Cette petite phrase « Ani Yossef » est peut-être même la plus grande de la Torah ! Celle qui nous fait reconsidérer complètement toute notre conception de la vie et tous nos choix. À tel point que nos « retours sur image » concernant chacune des phases de notre vie doivent souvent être assez terribles en entendant l'interpellation si sobre et authentique de D.ieu : « Je suis Hachem ! »…
Les retrouvailles de Yossef avec Yaacov
Le deuxième passage émouvant de notre paracha, c’est quand Yossef retrouve son père. Le texte de la Torah dit alors que Yossef embrassa Yaacov, mais que ce dernier n’était pas trop pressé, pour sa part, de l’embrasser… Mais que fait donc Yaacov à ce moment-là ? se demandent nos maîtres. Cette rencontre à laquelle il ne croyait même plus et qu’il avait, sans le dire, espérée depuis vingt-deux ans se déroule maintenant et il n'embrasse pas son fils tant aimé !
Or nous savons pertinemment que Yaacov n’est pas un être insensible, loin de là. La Torah l’a déjà démontré à de nombreuses reprises. Voilà pourquoi nos sages expliqueront qu'en fait, à ce moment précis de leur rencontre, Yaacov était en train de dire le « Chéma Israël » !
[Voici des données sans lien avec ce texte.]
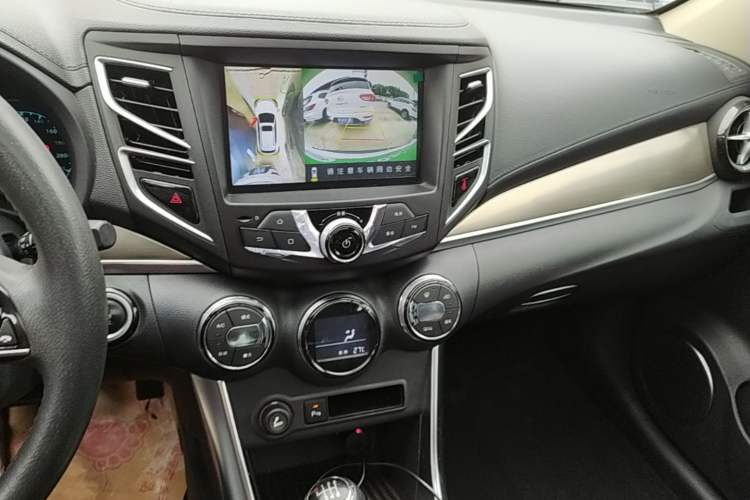 Used BYD Song 2016 GaiShi Edition 1.5TI Manual Elite Model Audio And AC Panel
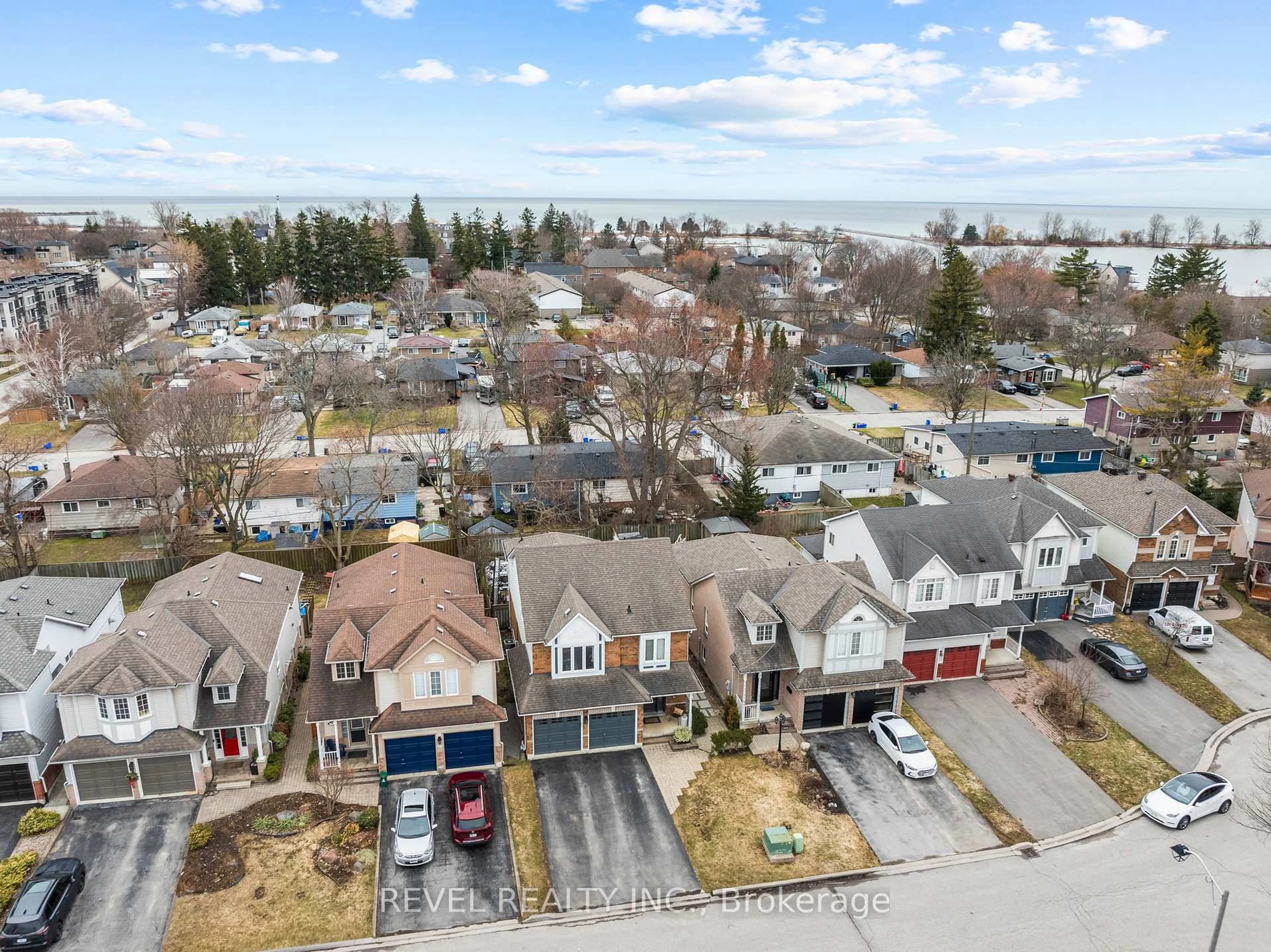 A pic from outside/outdoor area/front of a property/back of a property/a pic from drone, street for 1211 Monica Cook Pl, Pickering Ontario L1W 4A4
Car dire le Chéma procède de la même idée que précédemment : c’est ramener directement à Hachem les plus grands moments de notre vie ! N'y a-t-il pas des moments très spéciaux dans nos vies où l’on a envie de pleurer, et où nous pleurons bel et bien ? L’émotion est alors plus forte que tout : elle gagne tout notre être et l'on ne peut l’exprimer qu'ainsi.
En fait, Yaacov nous donne ici une grande leçon : lorsqu’on éprouve une immense joie ou un sentiment très fort, il faut immédiatement le ramener à Hachem. Et c'est ce qu’a fait Yaacov en récitant le « Chéma Israël » alors que Yossef l'embrassait ! Il ne s’est pas étalé en profusions d’affection, ou en disant tout ce que son cœur contenait et qu’il avait forcément très envie de dire à son fils ; il a tout simplement récité le Chéma en pensant : « Je te remercie Hachem – surtout après tout ce que j’ai pu imaginer, penser et endurer – de me faire vivre ce si grand moment ! ».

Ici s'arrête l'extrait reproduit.